● **WORK ORDER**
Print the records below exactly, from the line containing "Shampoo Capilar Skafe" down to the line containing "170W Mono Solarpanel", both lines included, and omit every picture.

● **PROVIDED ENTRIES**
──────────────────────────────

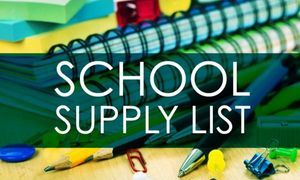 School Supply List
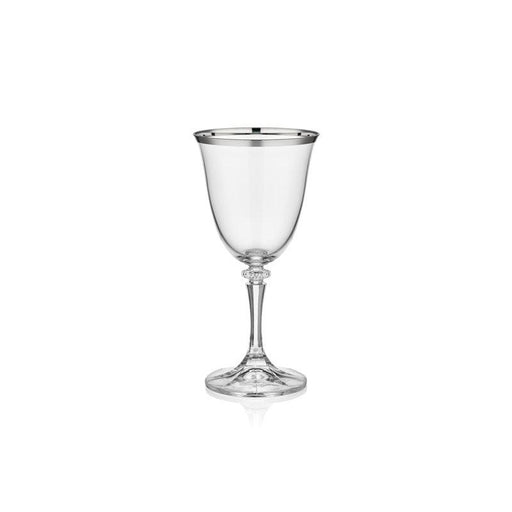 STEMWARE GLASS 6 PCS DALIA PLATINUM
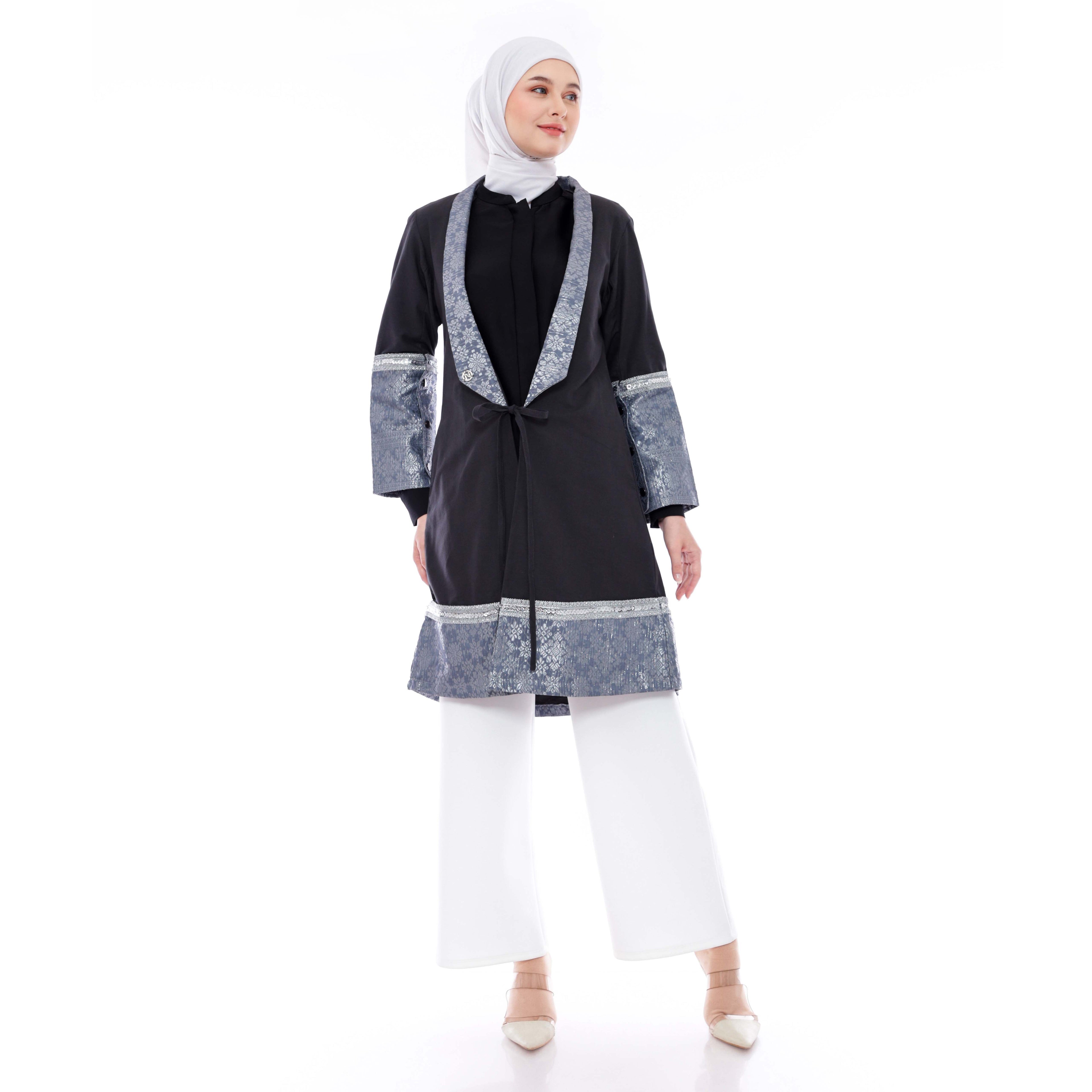 Outer Muslimah Etnik Double Tone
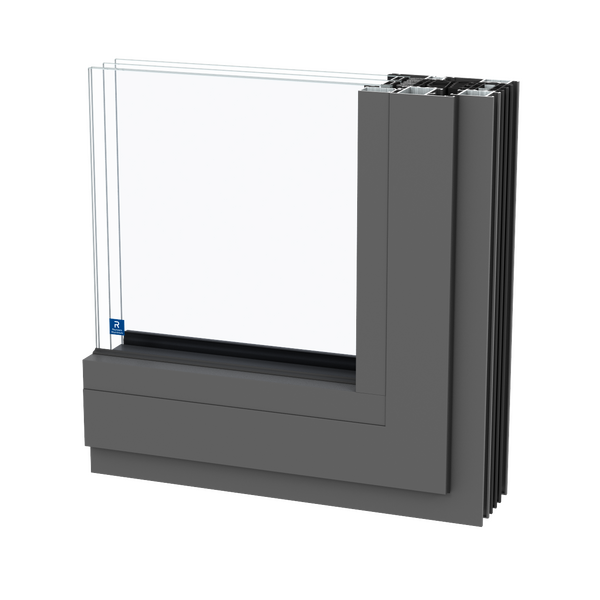 Janela de aluminio ConceptSystem 77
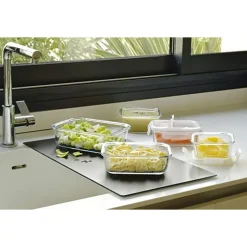 Set de 5 boîtes en verre, Pebbly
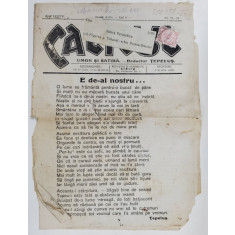 CALICUL , ZIAR DE SATIRA SI UMOR , ANUL XXXXVI , NR. 17-18 , 1927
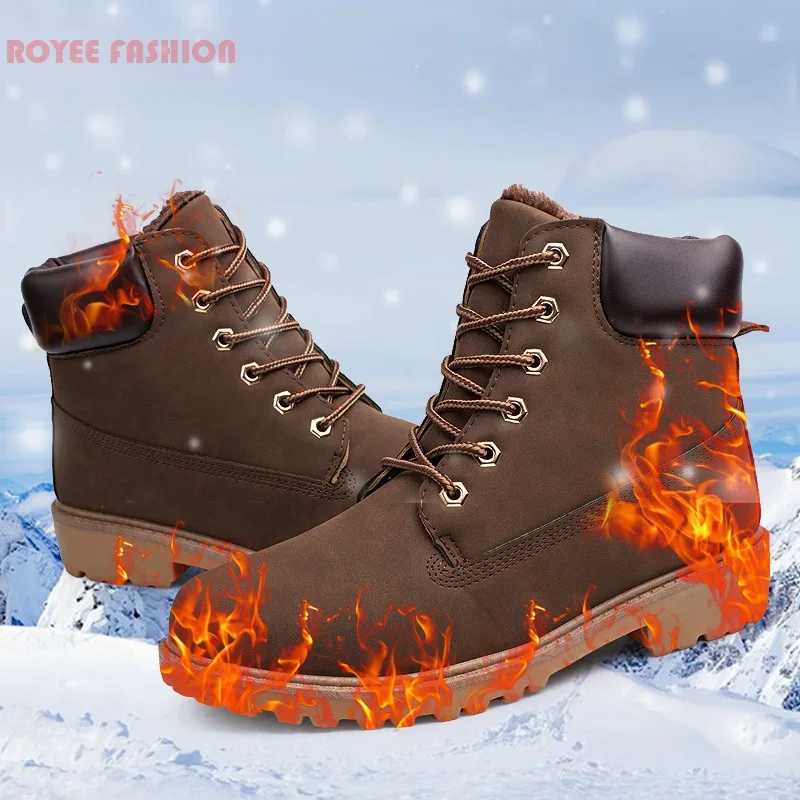 Womens boots winter 2022 autumn winter boots mens platform fashionable winter shoes keep warm mens boots couple ankle Botas mujer Z250303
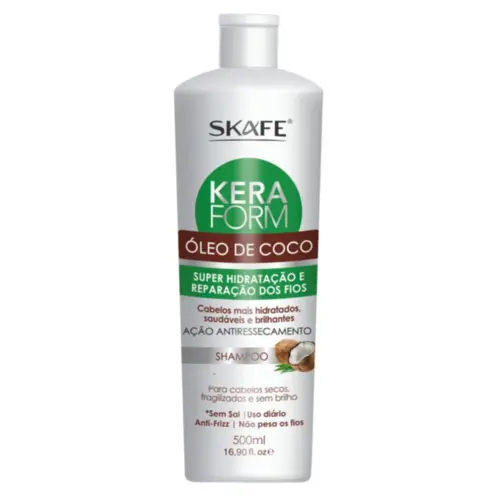 Shampoo Capilar Skafe 100% vegetal para todos os tipos de Cabelo Com 500 ml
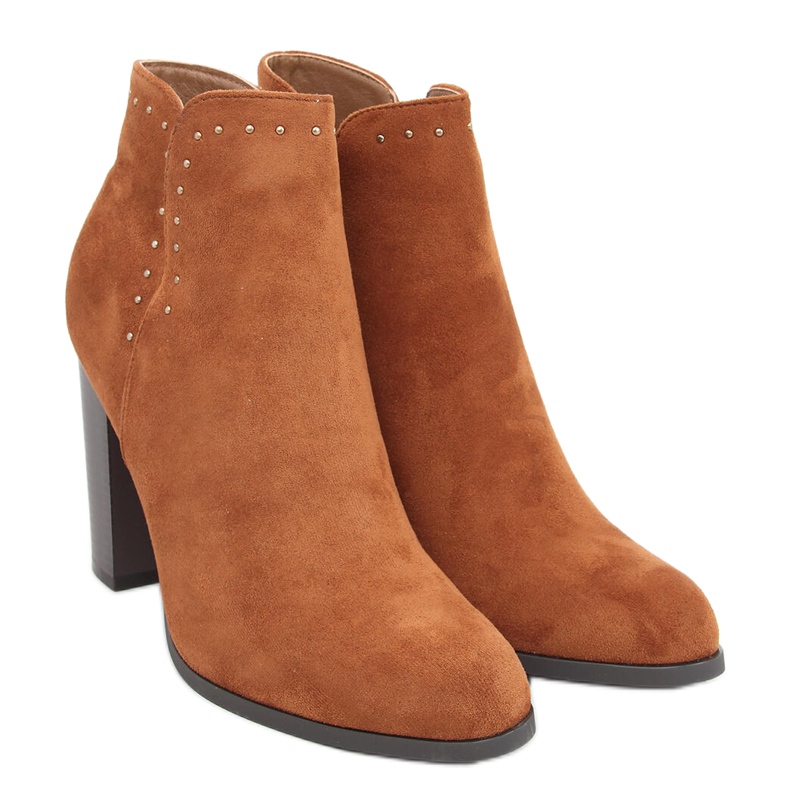 Botas de tacón de Nora Camel marrón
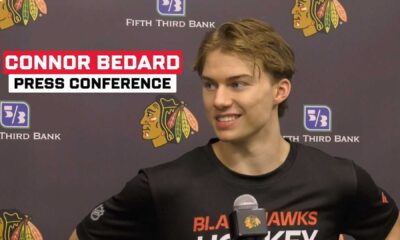 Connor Bedard Chicago Blackhawks Press Conference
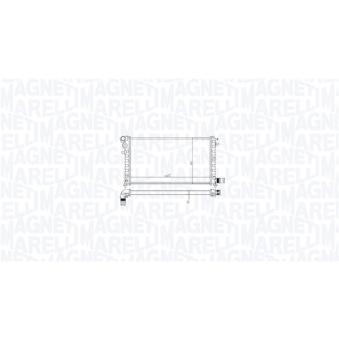 Radiateur, refroidissement du moteur MAGNETI MARELLI [350213213200]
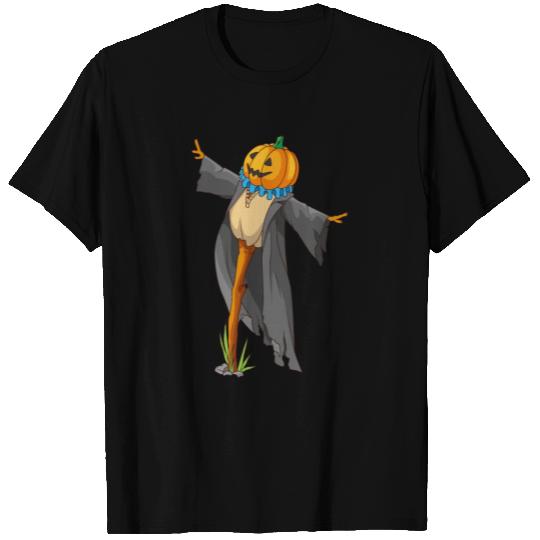 Halloween scarecrow bugaboo vector image cartoon T Shirts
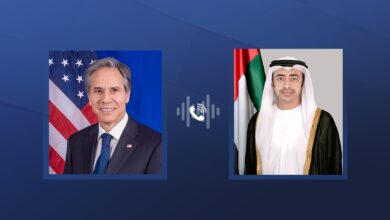 مباحثات إماراتية أمريكية بشأن التطورات الإقليمية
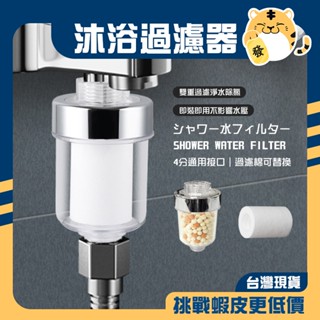 🚚蝦店隔日速達🔥沐浴過濾器 蓮蓬頭過濾器 水龍頭過濾器 花灑過濾器 淨水器 濾水器 過濾器 過濾 濾水 負離子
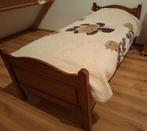 Houten Eenpersoonsbed, elektrisch verstelbare bedbodem, Huis en Inrichting, Slaapkamer | Bedden, Ophalen, Gebruikt, 90 cm, Eenpersoons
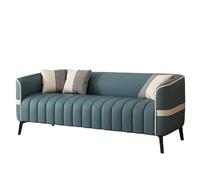 KIBONCY Cat Claw Leather Sofa, Scratch Resistant Faux Couch with Sturdy Metal Legs, 3 Seater with Tufted Back, Upholstery for Family Living Room(C,120cm)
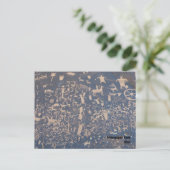 Briefkaart Newspaper Rock (Staand voorkant)
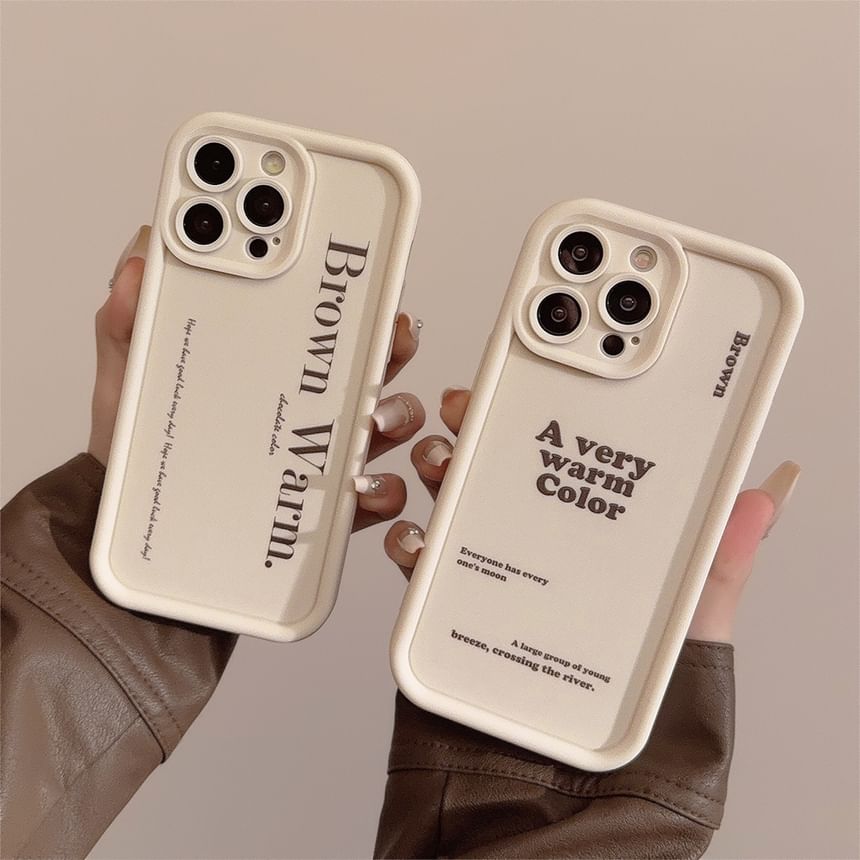 Lettering Phone Case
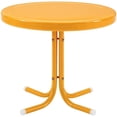 thumbnail image 1 of Crosley Furniture Table d'Appoint Rétro en Métal pour Patio, Fini Lustré Tangerine, 1 of 9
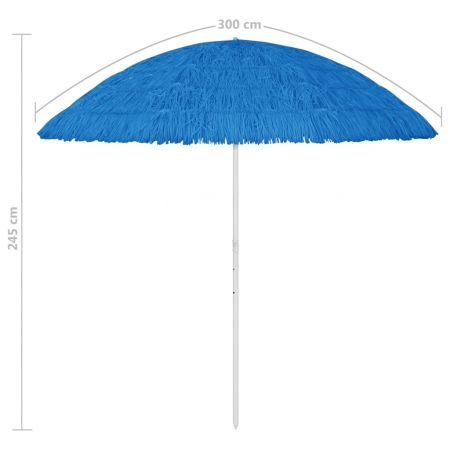 Hawaii Beach Umbrella Blue 300 cm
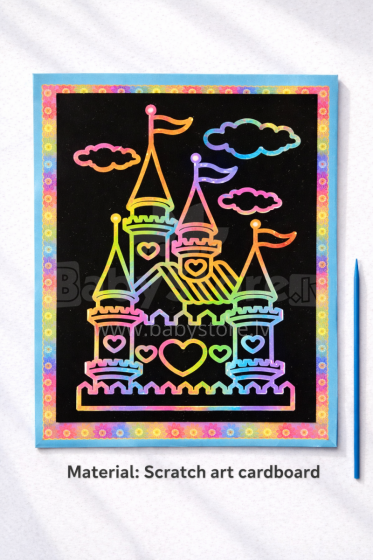 Happy Toys Scratch Art.9576 Engraving Craft Kit
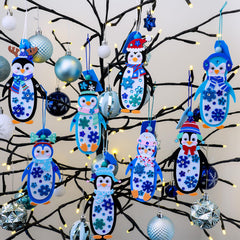 Winlyn festive headwear stickers include hats and horns for variety.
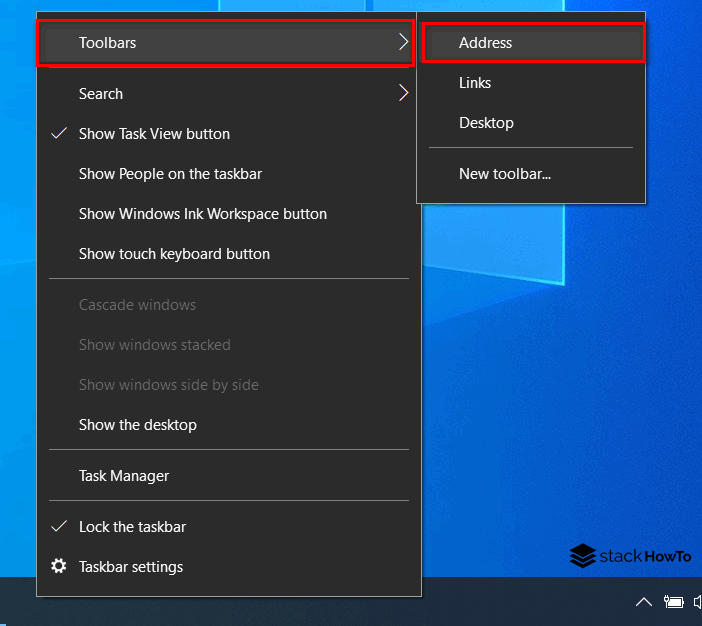 How to Pin a Website to Taskbar in Windows 10 - StackHowTo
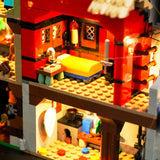 Ensemble d'éclairage LED pour la place de la ville médiévale LEGO (10332) avec télécommande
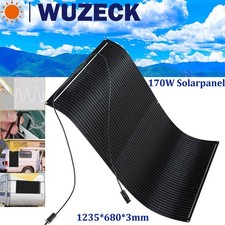 170W Mono Solarpanel 170W Flexibles biegsames Solarmodul für Haus Auto Camping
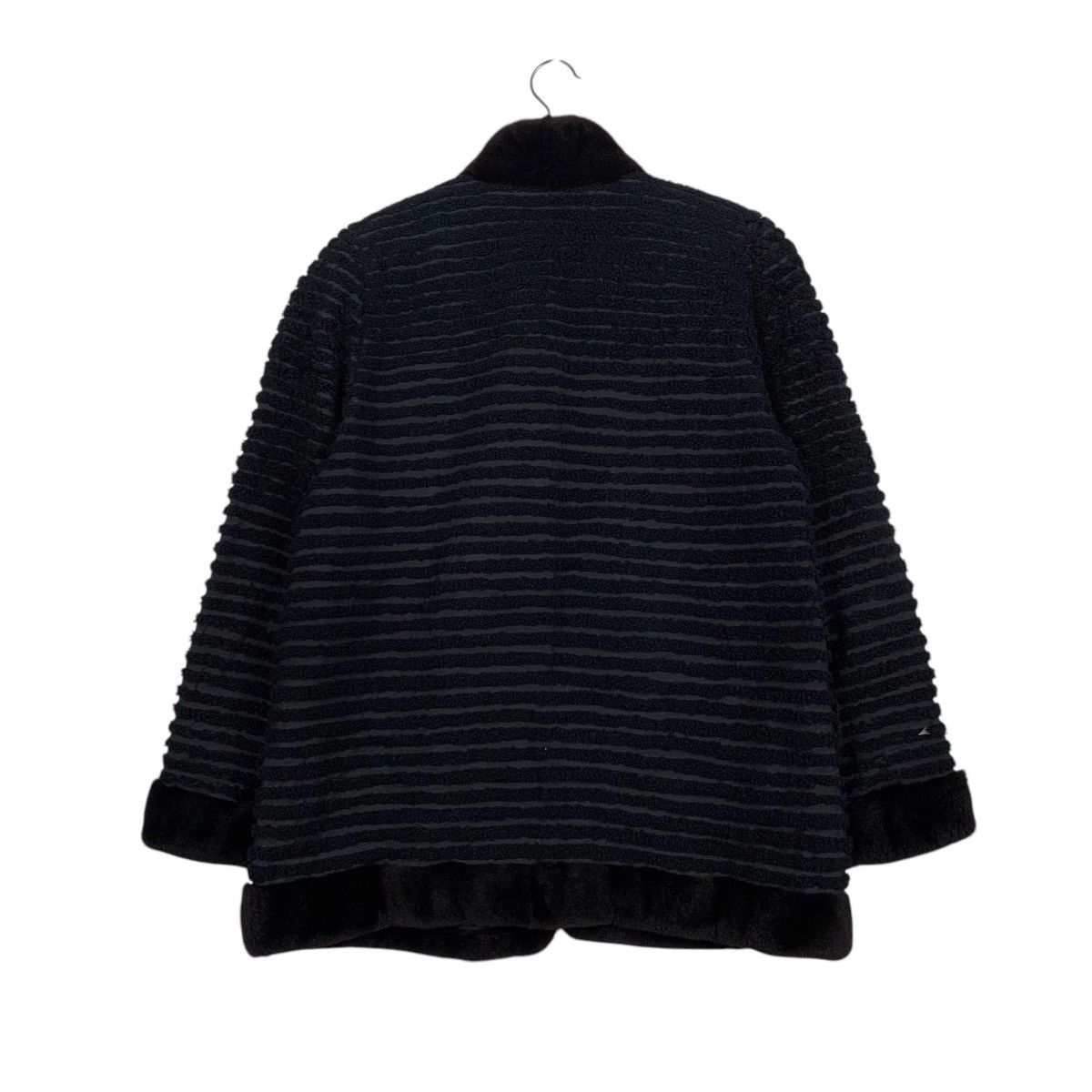 Japanese Brand Japanese Brand Stripe Black Women Jacket Size M / US 6-8 / IT 42-44 - 7 Thumbnail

──────────────────────────────

● **RESPONSE BOX**
 Shampoo Capilar Skafe 100% vegetal para todos os tipos de Cabelo Com 500 ml
 Botas de tacón de Nora Camel marrón
 Connor Bedard Chicago Blackhawks Press Conference
 Radiateur, refroidissement du moteur MAGNETI MARELLI [350213213200]
 Halloween scarecrow bugaboo vector image cartoon T Shirts
 مباحثات إماراتية أمريكية بشأن التطورات الإقليمية
 🚚蝦店隔日速達🔥沐浴過濾器 蓮蓬頭過濾器 水龍頭過濾器 花灑過濾器 淨水器 濾水器 過濾器 過濾 濾水 負離子
 Houten Eenpersoonsbed, elektrisch verstelbare bedbodem, Huis en Inrichting, Slaapkamer | Bedden, Ophalen, Gebruikt, 90 cm, Eenpersoons
 KIBONCY Cat Claw Leather Sofa, Scratch Resistant Faux Couch with Sturdy Metal Legs, 3 Seater with Tufted Back, Upholstery for Family Living Room(C,120cm)
 Briefkaart Newspaper Rock (Staand voorkant)
 Lettering Phone Case
 thumbnail image 1 of Crosley Furniture Table d'Appoint Rétro en Métal pour Patio, Fini Lustré Tangerine, 1 of 9
 Hawaii Beach Umbrella Blue 300 cm
 Happy Toys Scratch Art.9576 Engraving Craft Kit
 Winlyn festive headwear stickers include hats and horns for variety.
 How to Pin a Website to Taskbar in Windows 10 - StackHowTo
 Ensemble d'éclairage LED pour la place de la ville médiévale LEGO (10332) avec télécommande
 170W Mono Solarpanel 170W Flexibles biegsames Solarmodul für Haus Auto Camping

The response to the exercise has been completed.